Exercise:
Each line in the material below, starting at the one that contains "Nobby Classic Geschirr M-L, orange" and ending at the one that contains "PRIM/180,6ft Bed-2", should be repeated exactly; the pictures should not.

Data to examine:
^^^^

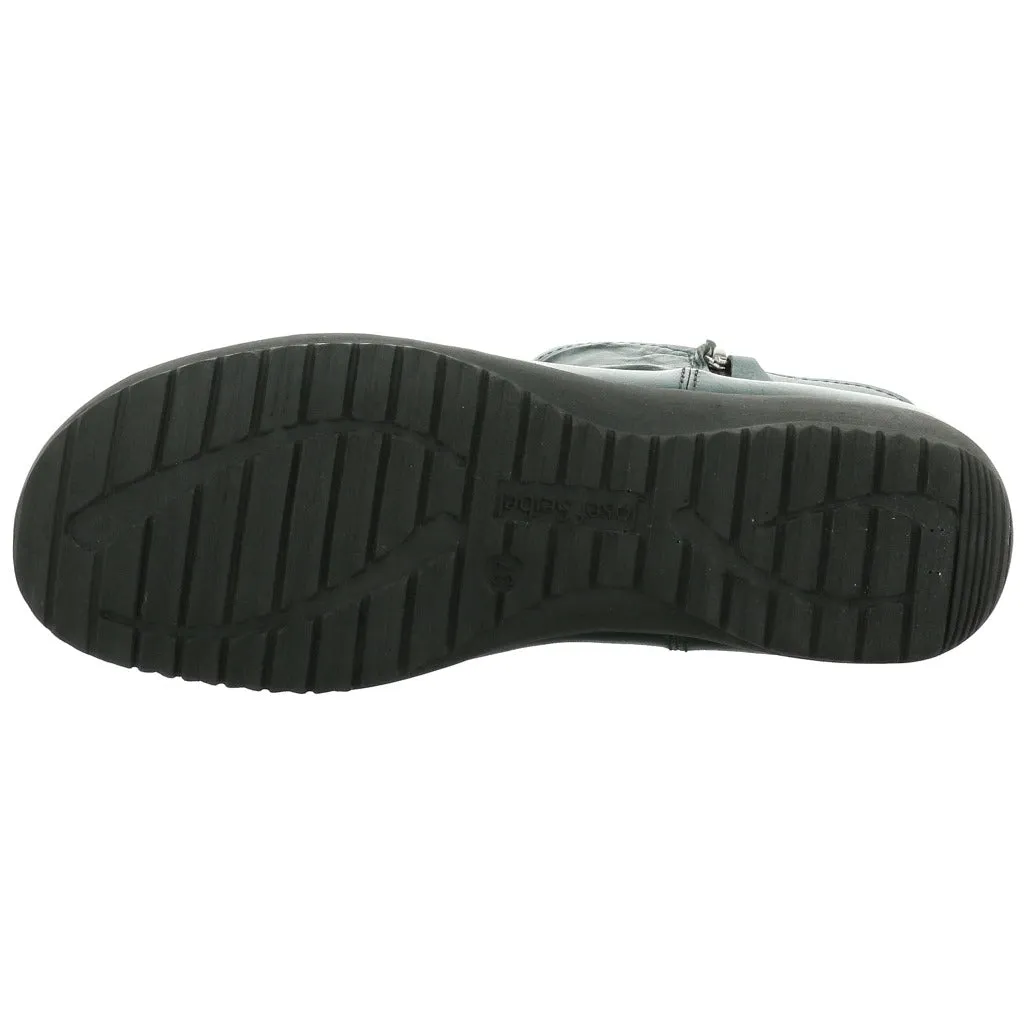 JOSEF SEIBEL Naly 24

^^^^

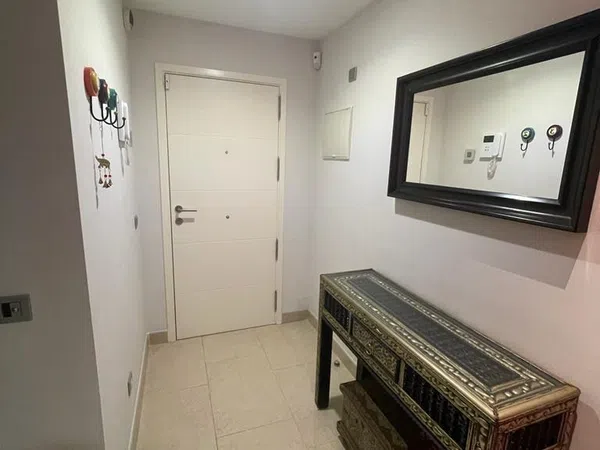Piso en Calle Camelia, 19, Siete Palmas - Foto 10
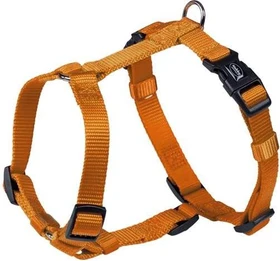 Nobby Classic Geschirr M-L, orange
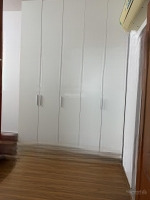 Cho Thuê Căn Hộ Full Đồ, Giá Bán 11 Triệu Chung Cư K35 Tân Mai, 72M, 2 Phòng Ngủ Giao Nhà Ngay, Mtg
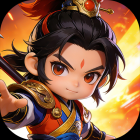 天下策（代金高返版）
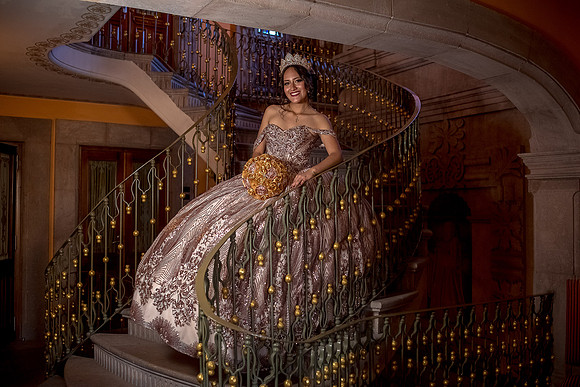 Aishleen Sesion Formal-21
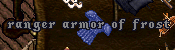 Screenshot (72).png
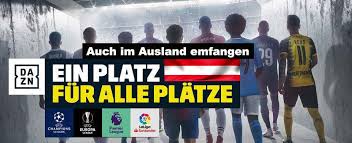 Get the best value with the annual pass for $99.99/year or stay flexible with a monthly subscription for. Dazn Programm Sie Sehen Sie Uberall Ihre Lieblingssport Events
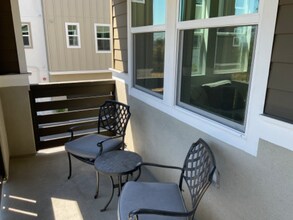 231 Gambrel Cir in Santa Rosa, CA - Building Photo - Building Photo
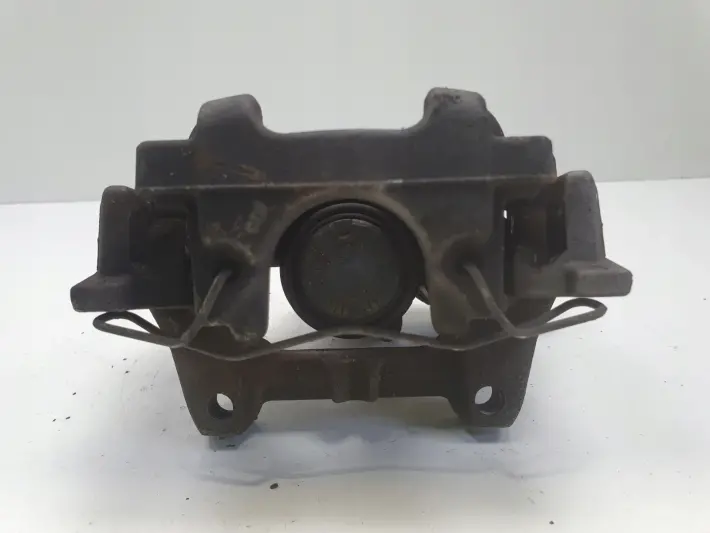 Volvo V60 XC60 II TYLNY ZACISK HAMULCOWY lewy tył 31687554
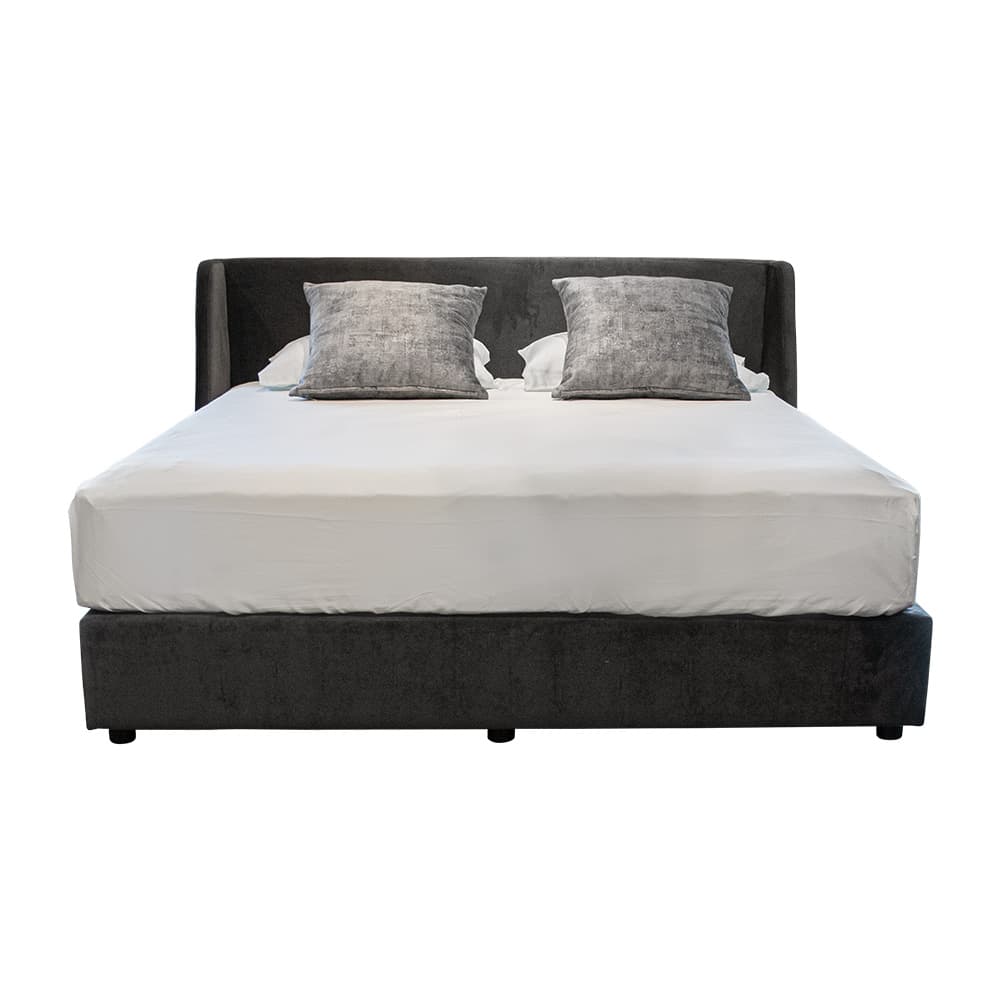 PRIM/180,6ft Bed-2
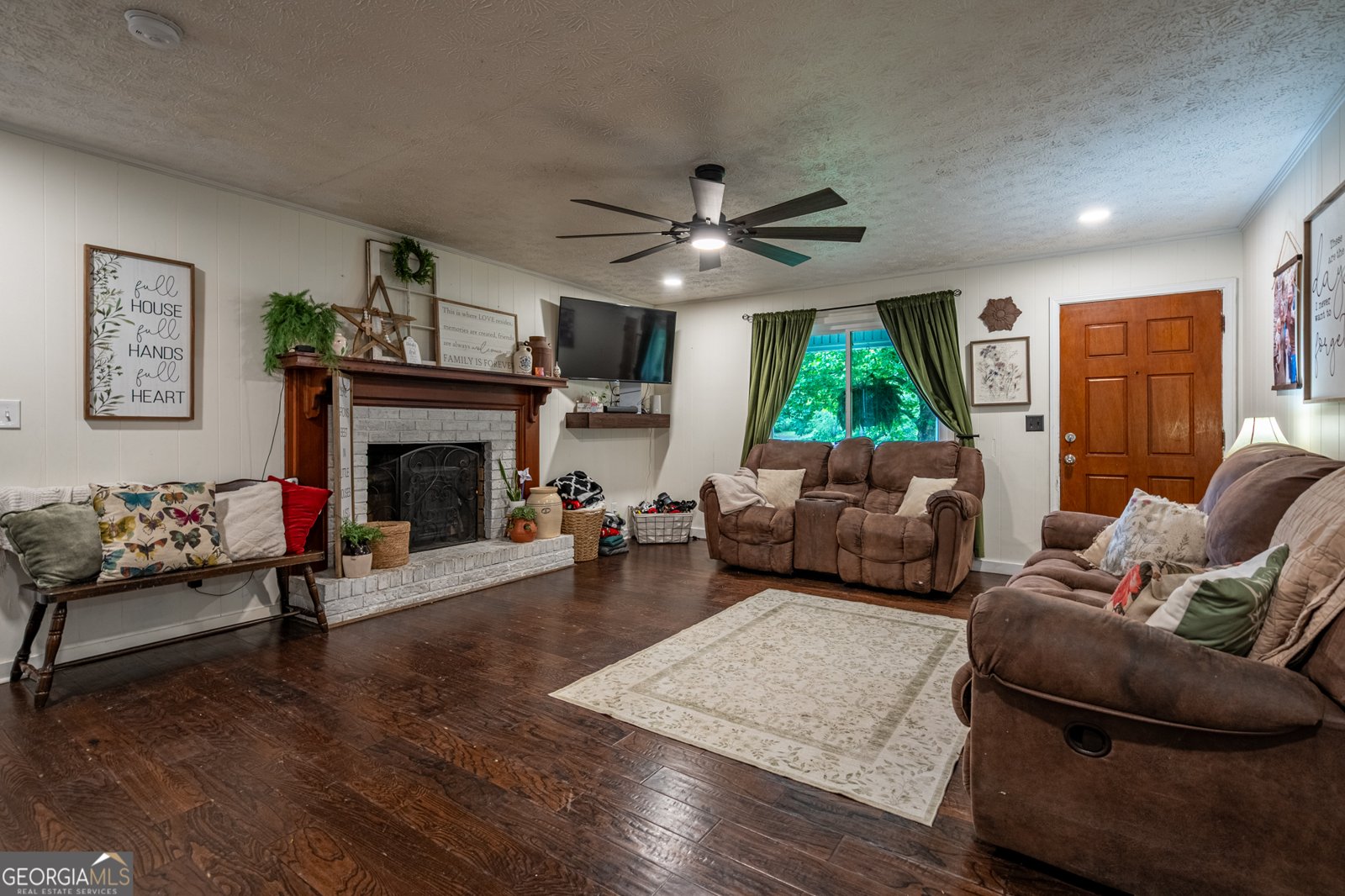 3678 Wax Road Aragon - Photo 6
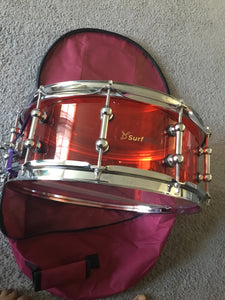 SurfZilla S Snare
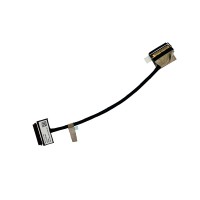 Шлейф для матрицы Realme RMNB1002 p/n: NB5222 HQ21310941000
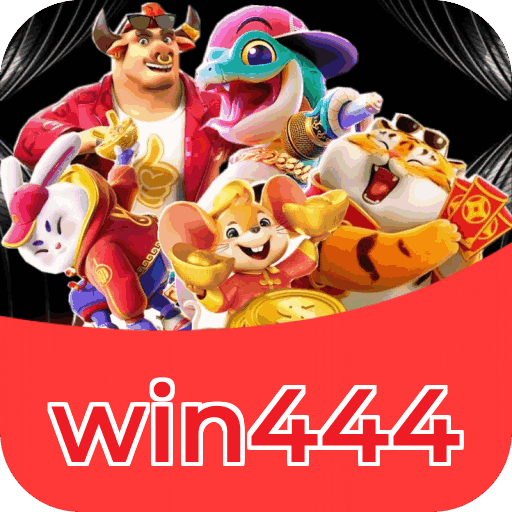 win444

^^^^

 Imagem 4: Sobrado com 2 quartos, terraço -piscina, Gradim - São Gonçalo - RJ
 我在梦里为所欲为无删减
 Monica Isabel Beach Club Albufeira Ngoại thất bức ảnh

^^^^

Result of this exercise:
 Nobby Classic Geschirr M-L, orange
 Cho Thuê Căn Hộ Full Đồ, Giá Bán 11 Triệu Chung Cư K35 Tân Mai, 72M, 2 Phòng Ngủ Giao Nhà Ngay, Mtg
 天下策（代金高返版）
 Aishleen Sesion Formal-21
 Screenshot (72).png
 Get the best value with the annual pass for $99.99/year or stay flexible with a monthly subscription for. Dazn Programm Sie Sehen Sie Uberall Ihre Lieblingssport Events
 231 Gambrel Cir in Santa Rosa, CA - Building Photo - Building Photo
 Volvo V60 XC60 II TYLNY ZACISK HAMULCOWY lewy tył 31687554
 PRIM/180,6ft Bed-2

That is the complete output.